The brief summary of the results of a study by Ädel and Erman (2012) in the literature review section of the final chapter is somewhat unclear. If the reader is not already familiar with the study, it is impossible to infer that the figures reported (130 lexical bundles in native texts and 60 in L2 texts) refer to the number of bundles uniquely found in only one of the two corpora studied. Nevertheless, Besten and Granger's contribution convincingly demonstrates the usefulness of collgrams in pedagogical applications and the study's methodology may well prove influential for future study designs. The results themselves are difficult to evaluate at group level. The authors acknowledge a number of limitations – the most important ones being that the longitudinal corpus used only has two measurement points (first and third year of study) and the difficulty of accounting for intrapersonal factors when reporting such group trends (this point is well illustrated in Fig. 9.2). The comparison of the results from this longitudinal study and a pseudo-longitudinal one is also a welcomed contribution to the field, especially since we are all acutely aware of the complex and oftentimes costly processes that longitudinal data collection usually entails.

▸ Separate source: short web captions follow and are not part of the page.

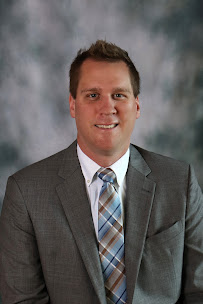 Klampe Law Firm - Photo 6 - Car repair in Rochester, MN, Rochester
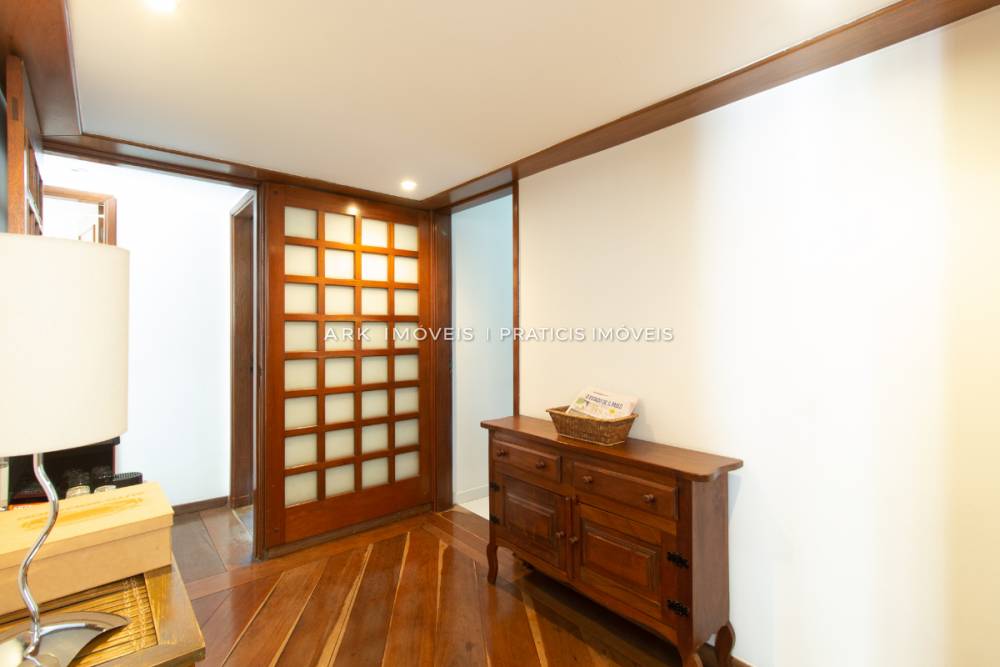 Apartamento à venda na Rua da UniãoVila Mariana - apartamento-vila-mariana-sao-paulo-sp-203011-4.jpeg
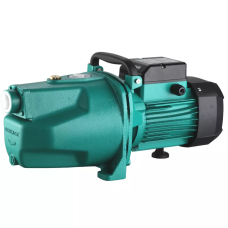 JET1100L1 SHIMGE ц/біжний самовс. (1.1кВт, Нmax = 48м, Qmax = 90л/хв) {1} SHIMGE 1048182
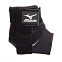 Суппорт Mizuno Ankle Support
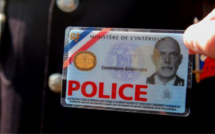 Yvelines : des bijoux et 1000€ dérobés par des faux policiers au domicile d’une vieille dame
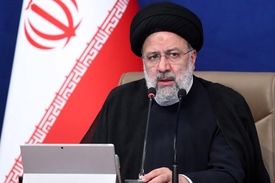 رئیسی:مردمی که مستحق دریافت یارانه هستند دریافت میکنندجای نگرانی نیست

In conclusion, corpus linguists can look forward to reading this fine selection of a top quality papers first presented at the 36th ICAME conference in Trier. Indeed, the volume provides more than the results of a few fascinating individual case studies using a range of corpus resources and state-of-the-art tools: it also explores methodological issues and proposes new procedures and measures. Moreover, ''Corpora and Lexis'' also contributes to the refinement and development of (new) theoretical concepts and features novel applications of corpus-based findings in lexicographic and pedagogical applications.


Elen Le Foll is an English Education lecturer and PhD candidate at Osnabrück University. Her research interests include learner phraseology, language learners' use of online resources, textbook English and teacher training. She also teaches conference interpreting (German-English) at the University of Applied Sciences in Cologne and works as a freelance conference interpreter.